Some areas of the Unicode code point space have been earmarked for RTL scripts, and the value of the Bidi_Class for unassigned code points in those areas has been set accordingly. The idea is to anticipate the value that a property will have once the code point is assigned to an abstract character, and “to maximize compatibility with expected future assignments” (TUS 5.0 p156). This anticipation is not binding in any way - the property value can be changed at the time of assignment (or possibly later). It is nevertheless useful, as it increases the likelyhood of a smooth transition when the code point is assigned; at that point, data using the new code points will meet “older” implementations.

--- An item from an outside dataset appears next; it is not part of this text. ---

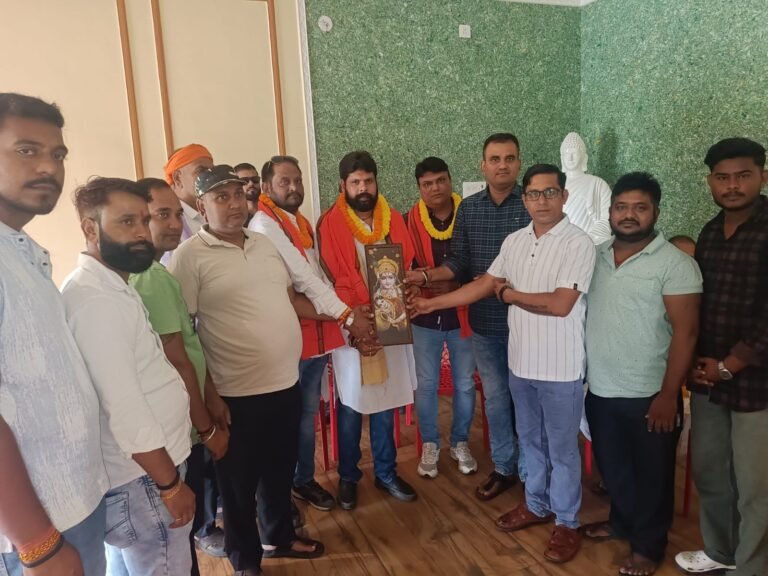 राजपूत विचार मंच ने जिलाध्यक्ष दिलीप सिंह को किया सम्मानित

In the same vein, we strongly expect that future assignments in the various blocks for CJK ideographs as well as in the rest of plane 2 (SIP) will be for CJK ideographs, and this proposal is to set the value of some properties for the unassigned code points accordingly.

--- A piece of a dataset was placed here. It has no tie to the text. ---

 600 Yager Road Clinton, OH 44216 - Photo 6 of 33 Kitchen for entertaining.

The concerned areas and unassigned code points as of Unicode 5.1 are:
|Block name||Block range||Unassigned code points|
|CJK Unified Ideographs Extension A||3400-4DBF||4DB6-4DBF|
|CJK Unified Ideographs||4E00-9FFF||9FC4-9FFF|
|CJK Compatibility Ideographs||F900-FAFF||FA2E-FA2F|
|CJK Unified Ideographs Extension B||20000-2A6DF||2A6D7-2A6DF|
|(SIP outside blocks)||2A6E0-2F7FF|
|CJK Compatibility Ideographs Supplement||2F800-2FA1F||2FA1E-2FA1F|
|(SIP outside blocks)||2FA20-2FFFD|
Should this proposal be adopted for some version of Unicode, code points that would become assigned by that version would be excluded from this proposal (and just get property values as part of the normal process of encoding).
The potential properties of interest are those which can be predicted accurately, and where the current assignment is different from the expected value:
|short name||long name||assigned||unassigned||proposed|
The properties East_Asian_Width and Line_Break describe the behavior of characters in rendering; predicting those two properties in particular would improve significantly the rendering of text when characters are assigned. The other properties are more about the identity of the characters, and while the prediction could be acurate, assigning predicted values for unassigned characters may be misleading, and adversely affect invariants.
The proposal is to assign East_Asian_Width = W and Line_Break = ID to the unassigned code points in the first table.